Diesel Fuel Injection

One big difference between a diesel engine and a gas engine is in the injection process. Most car engines use port injection* or a carburetor. A port injection system injects fuel just prior to the intake stroke (outside the cylinder). A carburetor mixes air and fuel long before the air enters the cylinder. In a car engine, therefore, all of the fuel is loaded into the cylinder during the intake stroke and then compressed. The compression of the fuel/air mixture limits the compression ratio of the engine – if it compresses the air too much, the fuel/air mixture spontaneously ignites and causes knocking*. Because it causes excessive heat, knocking can damage the engine.

Diesel engines use direct fuel injection – the diesel fuel is injected directly into the cylinder.
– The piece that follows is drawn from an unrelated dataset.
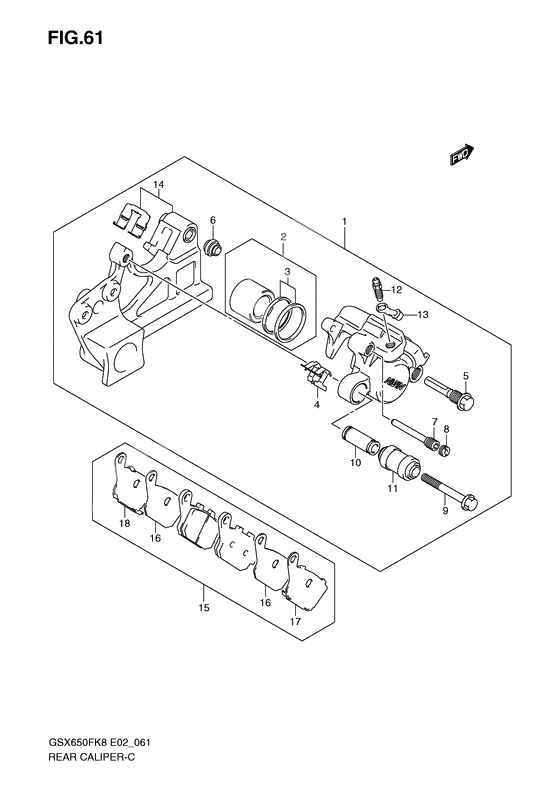 Rear caliper              

                  Gsx650fk8/fuk8/fk9/fuk9/fl0/ful0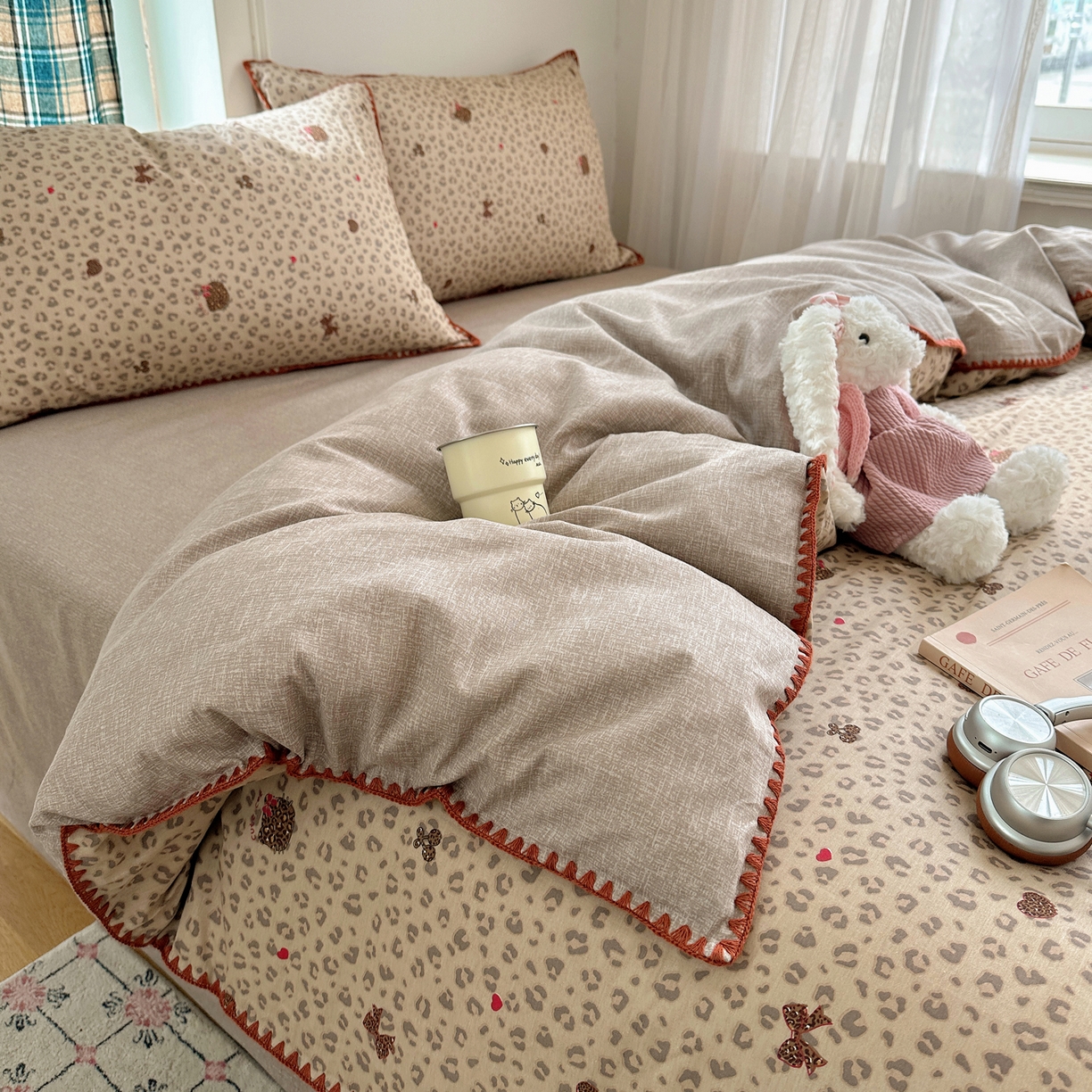 91家纺网 家纺一手货源 找家纺 瑞莱 （持续上新）2026新款全棉纯棉印花贝壳边四件套 千禧少女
The injector on a diesel engine is its most complex component and has been the subject of a great deal of experimentation – in any particular engine, it may be located in a variety of places. The injector has to be able to withstand the temperature and pressure inside the cylinder and still deliver the fuel in a fine mist. Getting the mist circulated in the cylinder so that it is evenly distributed is also a problem, so some diesel engines employ special induction valves, precombustion chambers or other devices to swirl the air in the combustion chamber or otherwise improve the ignition and combustion process.

Diesel Fuel

Petroleum fuel, or crude oil, is naturally found in the Earth. When crude oil is refined at refineries, it can be separated into several different kinds of fuels, including gasoline, jet fuel, kerosene and, of course, diesel.

If you have ever compared diesel fuel and gasoline, you know that they are different. They certainly smell different. Diesel fuel is heavier and oilier. Diesel fuel evaporates much more slowly than gasoline - its boiling point is actually higher than the boiling point of water. You will often hear diesel fuel referred to as «diesel oil» because it is so oily.

Diesel fuel evaporates more slowly because it is heavier. It contains more carbon atoms in longer chains than gasoline does (gasoline is typically C9H20, while diesel fuel is typically C14H30). It takes less refining to create diesel fuel that is why it used to be cheaper than gasoline. Since 2004, however, demand for diesel has risen for several reasons, including increased industrialization and construction in China and the U.S.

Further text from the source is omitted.